The role of the cold pool in a mountain-to-plain and plain-to-mountain squall line case in the south of the Yangtze River in China

A squall line event that occurred in the south of the Yangtze River in China on 4 May 2020 was simulated using the WRF model and 3DVAR data assimilation. The radar radial wind, reflectivity, and conventional observation data were assimilated in a cycling interval of 15 min. The main findings from the examination of the development mechanisms of the squall line are as follows. The simulation effectively reproduced the development and evolution of the squall line. The squall line strengthened from the Wuling Mountains to the Dongting Lake Plain, moved eastwards and developed to its strongest stage over the plains, before weakening from thereon to the Mulianjiu Mountains. When the squall line moved from the mountains to the plains, the convergence of the airflow in front of the squall line increased because of the strengthening of the near-surface easterly airflow over the plains. Concurrently, the intensity of the cold pool behind the squall line decreased, while the low-level vertical wind shear over the plains increased. This reduced the gap between the cold pool and vertical wind shear. The low-level upward airflow in front of the cold pool tended to be vertical, which was conducive to the development and maintenance of the squall line.
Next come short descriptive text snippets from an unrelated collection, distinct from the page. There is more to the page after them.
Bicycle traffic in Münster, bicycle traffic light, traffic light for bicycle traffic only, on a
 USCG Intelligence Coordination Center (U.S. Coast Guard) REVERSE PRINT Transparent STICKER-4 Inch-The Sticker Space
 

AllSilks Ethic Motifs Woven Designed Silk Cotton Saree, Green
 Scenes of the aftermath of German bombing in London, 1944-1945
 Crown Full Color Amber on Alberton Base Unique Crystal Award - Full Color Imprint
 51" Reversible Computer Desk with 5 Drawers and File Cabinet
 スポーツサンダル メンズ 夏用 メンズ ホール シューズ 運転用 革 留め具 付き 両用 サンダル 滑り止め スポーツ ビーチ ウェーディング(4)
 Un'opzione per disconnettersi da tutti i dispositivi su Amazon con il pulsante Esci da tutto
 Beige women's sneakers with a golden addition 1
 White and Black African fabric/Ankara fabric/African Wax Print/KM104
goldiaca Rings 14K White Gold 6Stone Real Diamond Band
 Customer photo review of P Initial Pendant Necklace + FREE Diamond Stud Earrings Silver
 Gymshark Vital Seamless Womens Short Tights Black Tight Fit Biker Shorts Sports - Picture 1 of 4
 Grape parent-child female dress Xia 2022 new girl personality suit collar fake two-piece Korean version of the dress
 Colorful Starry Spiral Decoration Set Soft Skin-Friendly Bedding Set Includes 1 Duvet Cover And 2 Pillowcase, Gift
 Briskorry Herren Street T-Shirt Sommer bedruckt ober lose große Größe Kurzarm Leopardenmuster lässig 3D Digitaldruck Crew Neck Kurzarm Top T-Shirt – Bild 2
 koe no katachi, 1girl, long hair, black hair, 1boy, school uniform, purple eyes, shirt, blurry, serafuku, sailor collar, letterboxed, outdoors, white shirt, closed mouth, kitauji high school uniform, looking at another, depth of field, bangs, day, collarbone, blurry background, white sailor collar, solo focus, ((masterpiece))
When the squall line moved eastwards from the plains to the mountains, the convergence of the airflow in front of the squall line weakened because of the weakening of the surface easterly airflow over the mountains. Concurrently, the intensity of the cold pool behind the squall line increased, while the low-level vertical wind shear in front of the squall line significantly declined. The intensity of the cold pool significantly exceeded the low-level vertical wind shear, inducing a tendency for the low-level upward airflow in front of the cold pool to tilt towards the cold pool, which was not conducive to the development and maintenance of the squall line. This was a reason why the squall line moved eastwards faster after going up the mountains. Based on these observational and simulation results, physical conceptual models for the enhancement of squall lines from the mountains to the plains and their weakening from the plains to the mountains have been preliminarily developed.